China: No US style crunch for China says former PBOC advisor

Japan: BOJ’s Kuroda says risks to BOJ’s price forecast have not materialized

Eurozone: France will honour pledge to bring deficit back below 3% of GDP in 2015

Portfolio: Continued move higher in US 5 Year Yields


Good morning,

I have just finished my first ever spinning class and I can hardly walk. But apparently it gets easier and, eventually, you get to the sweet spot where you actually like going to the class. I will keep you posted but right now I have about as much conviction as an Old Trafford season ticket holder.

Speaking of “sweet spots”, the UK’s latest data indicated, tentatively, that our neighbours across the sea might just have hit that sweet spot which economists call NIARU – the non accelerating inflation rate of unemployment. I realize that’s a bit of a mouthful and few economists will be front runners for the Hemmingway prize for succinct prose, but bear with me.

The NIARU is the elixir of independent central banking because it is the rate of unemployment where wage inflation doesn’t build. Remember a few weeks back I reacquainted you with the Phillips Curve? Have a look here. The Phillips Curve is in the top drawer of all decent central bankers and it postulated that there is a relationship between the rate of unemployment and the rate of inflation. If you have low unemployment you have more people working, this means more wages in the economy and as these wages are spent, prices will go up because demand goes up.
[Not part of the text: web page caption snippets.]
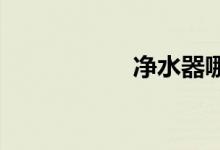  净水器哪个牌子好呢 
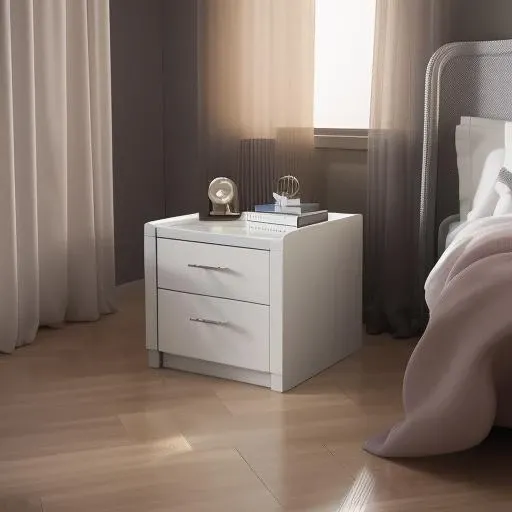 <lora:kuka_CreamStyle:0.8>{best quality},only a desk,cylinder,no_humans,masterpiece, highly detailed, real, realistic, photo, curtain, indoor, bed, jewelry,Geometric,Minimalism,Contemporary,soft light,3d,8k,hyper,realistic,3d,render,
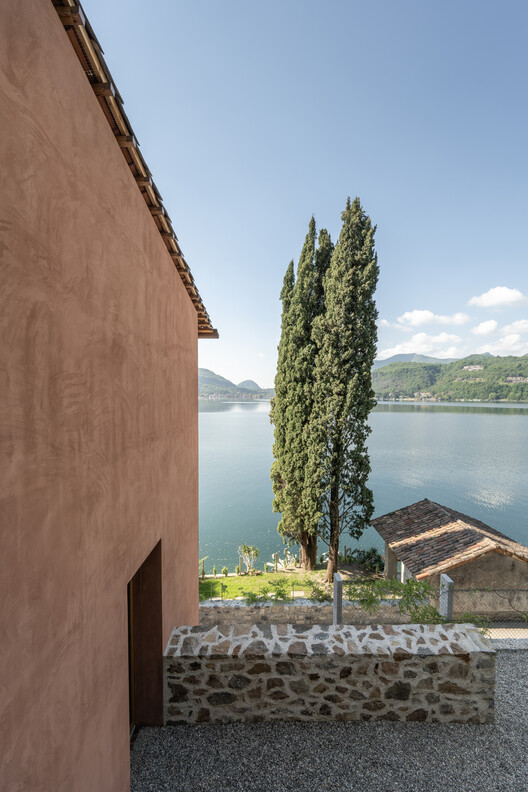 WE 住宅 / Wespi de Meuron Romeo architects - 建筑图, 滨水, 海岸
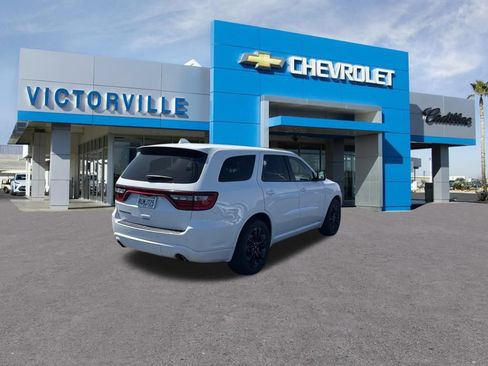 Used 2021 Dodge Durango SXT RWD image 6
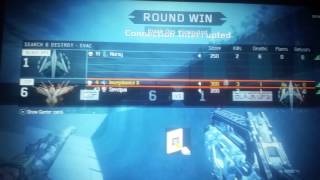 GB PROOF: Impact Dubs vs I'mAHillBillyAndGay. We won on Evac second map 6-1.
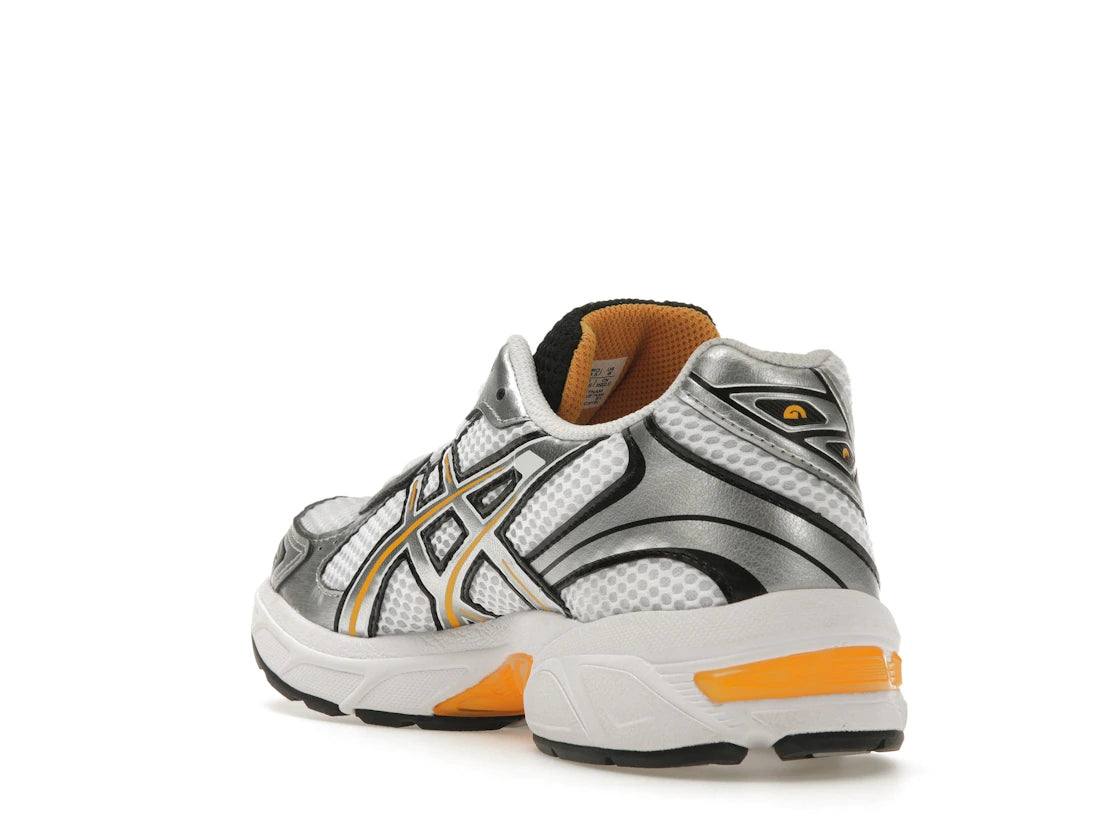 ASICS Gel-1130 White Pure Silver Yellow (Women's) - vue secondaire B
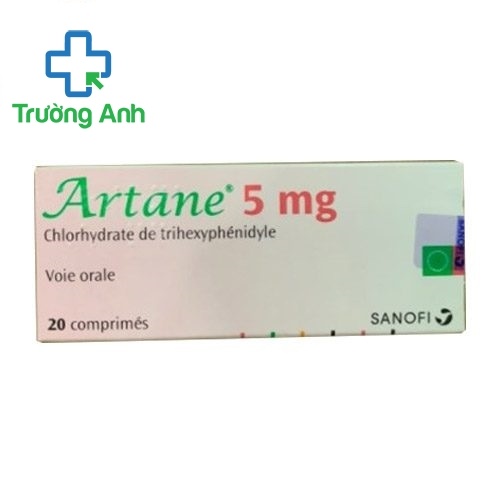 Artane 5Mg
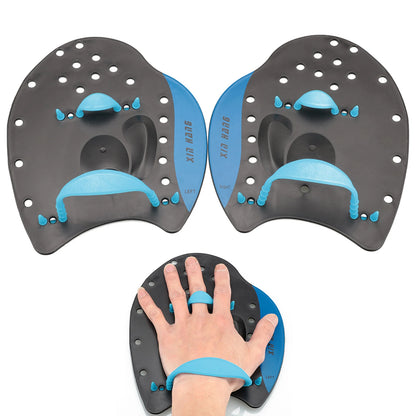 Palmar Ajustável de Natação, Palmar de Natação, Acessórios de Natação, Equipamento de Natação, Palmar Para Natação, Acessórios Para Nadar, Maluh Fit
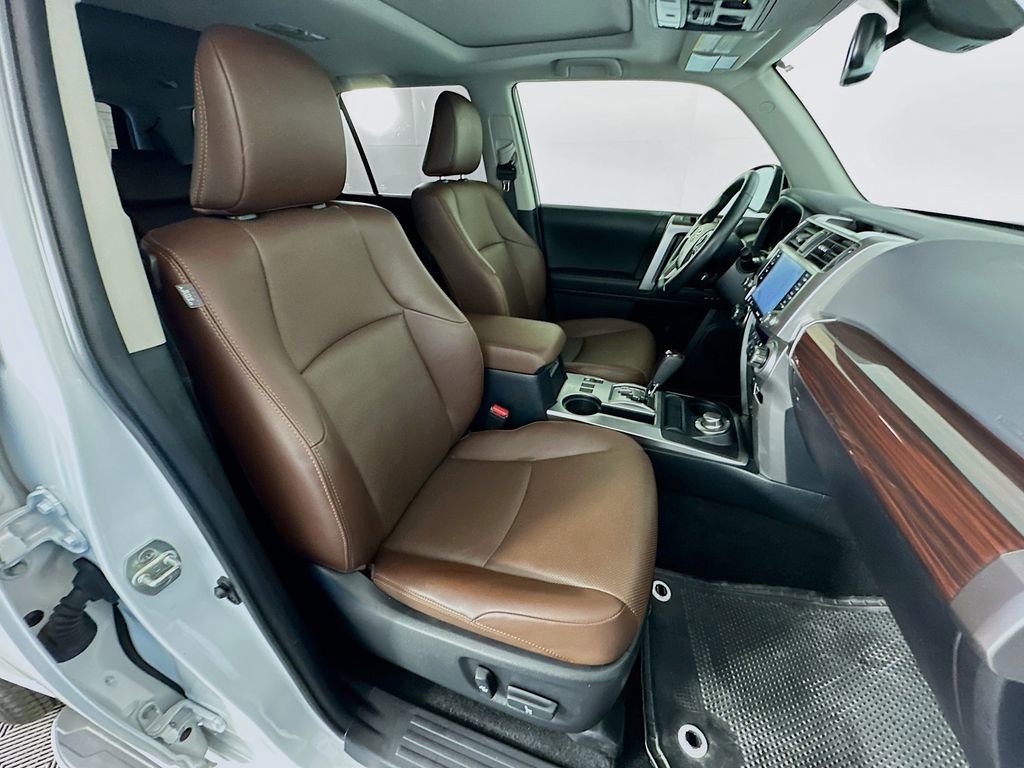 Certified 2024 Toyota 4Runner Limited image 31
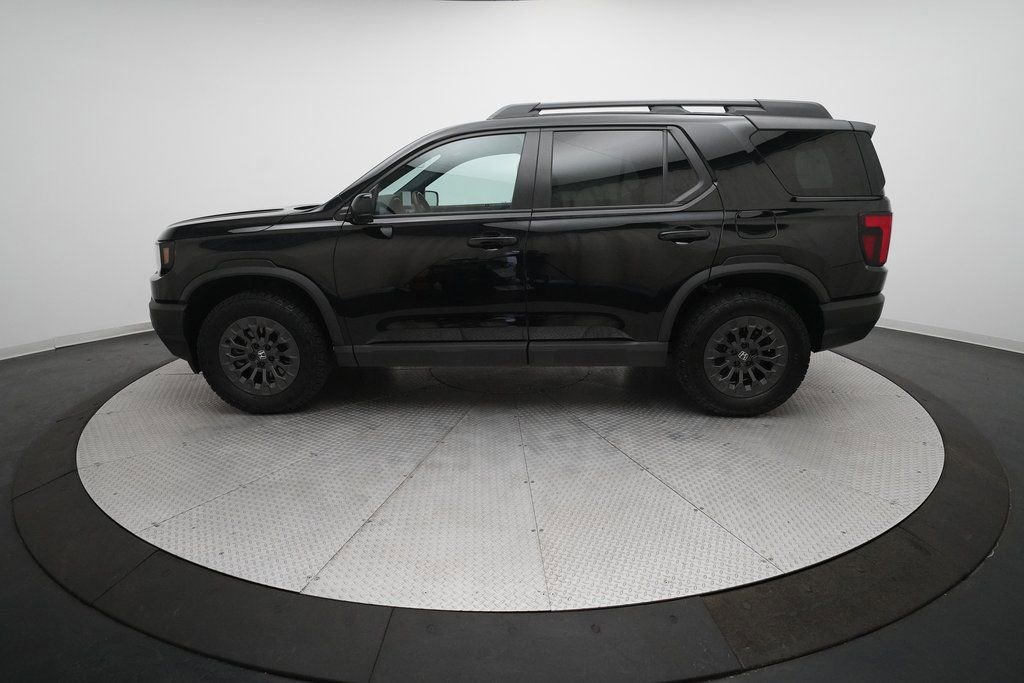 Certified 2026 Honda Passport TrailSport image 24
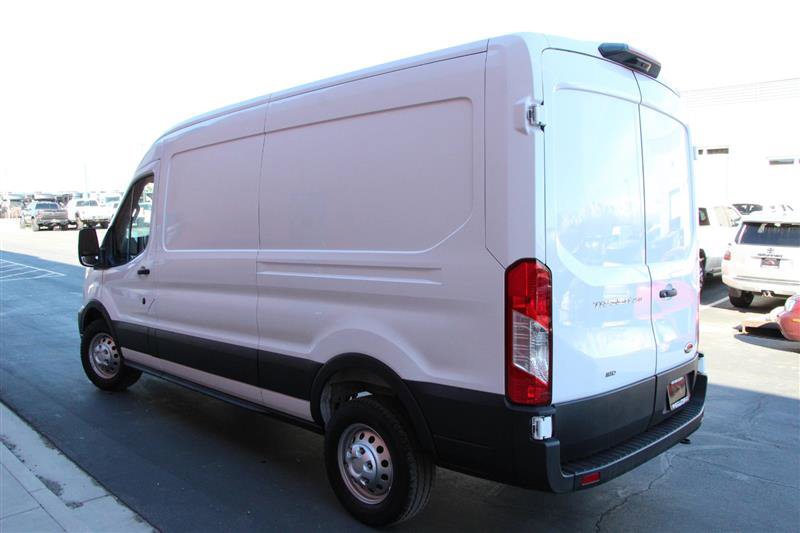 Used 2025 Ford Transit 250 148 Medium Roof Extended AWD image 7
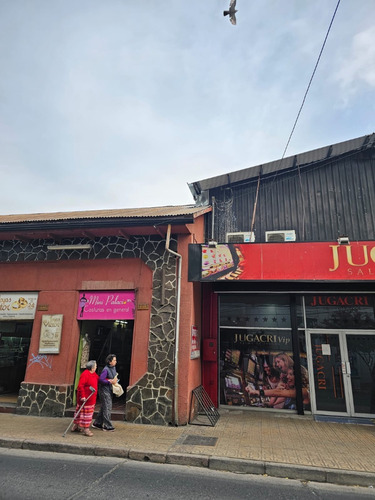 Espectacular Local Comercial En La Mejor Manzana Del Centro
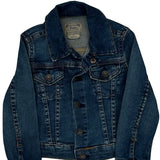 Age 3 Polo By Ralph Lauren Denim Jacket - 2XS Blue Denim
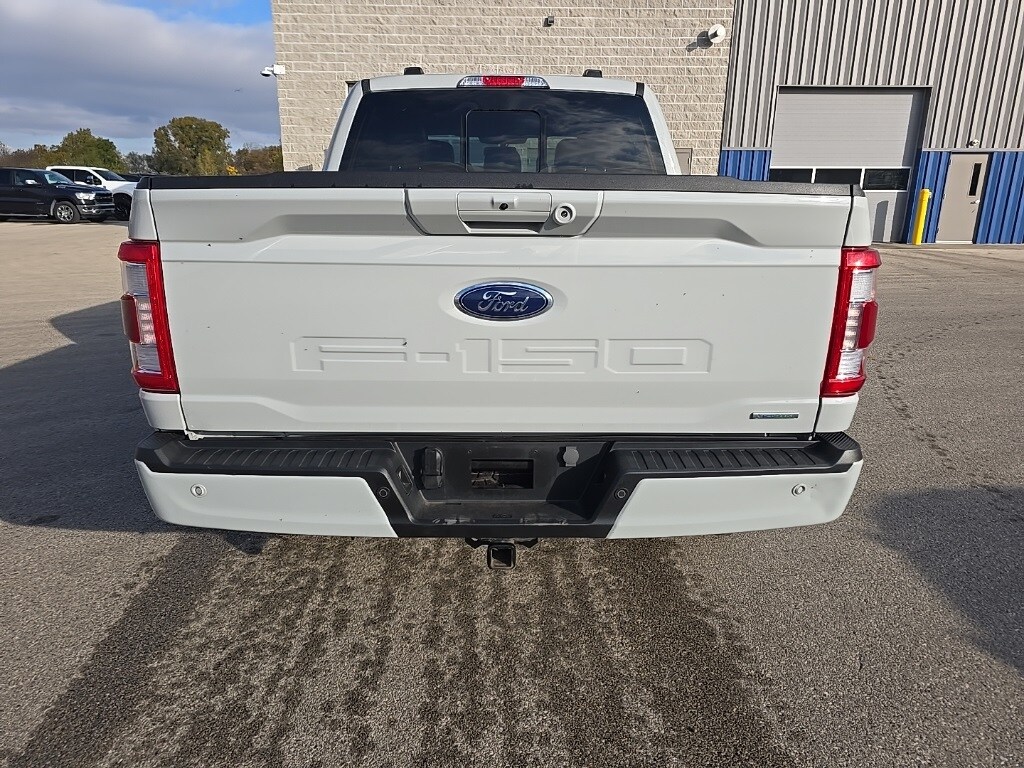 2023 Ford F-150 Lariat photo 4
As prices go up, workers will say, “Hold on! My wages should be going up too,” so they will demand higher wages. Also when there are fewer unemployed workers around, wages should go up of their own accord as employers compete with each other for the remaining workers to respond to the demand which has just been created by the fact that unemployment is down and spending is up.

Implicitly, Mark Carney, believed that the NIARU in the UK was an unemployment rate of 7%. Anything under that would begin to push up wages and he would have to respond by ultimately raising interest rates to keep within his inflation targets. The logic of the whole exercise is  that if unemployment falls below 7%, inflation will rise.  7% is the NIARU. It is that rate of unemployment where inflation doesn’t rise. It is just right, not too hot and not too cold.

But what if he is wrong?

Yesterday, the UK registered much lower unemployment that expected and much lower wage inflation than expected. There are loads of jobs around and wages aren’t going up. This implies that the NIARU isn’t 7% and unemployment below 7% does not necessarily presage a hike in interest rates.

What if the NIARU is 6% or 5% or even 4%? This has massive implications for the rate of interest. If the NIARU is 5%, then UK rates don’t have to go up for a long, long time.

But why would the NIARU change?

Well there are numerous reasons. The first could be that workers are so petrified of losing what little they have, that they will work for any money. This would be because they know that if they don’t take the job, the next lad will. This is a reflection of the amount of lads and lassies looking for work. If there are loads and loads of people willing to work for nothing, the NIARU will be lower than people expected.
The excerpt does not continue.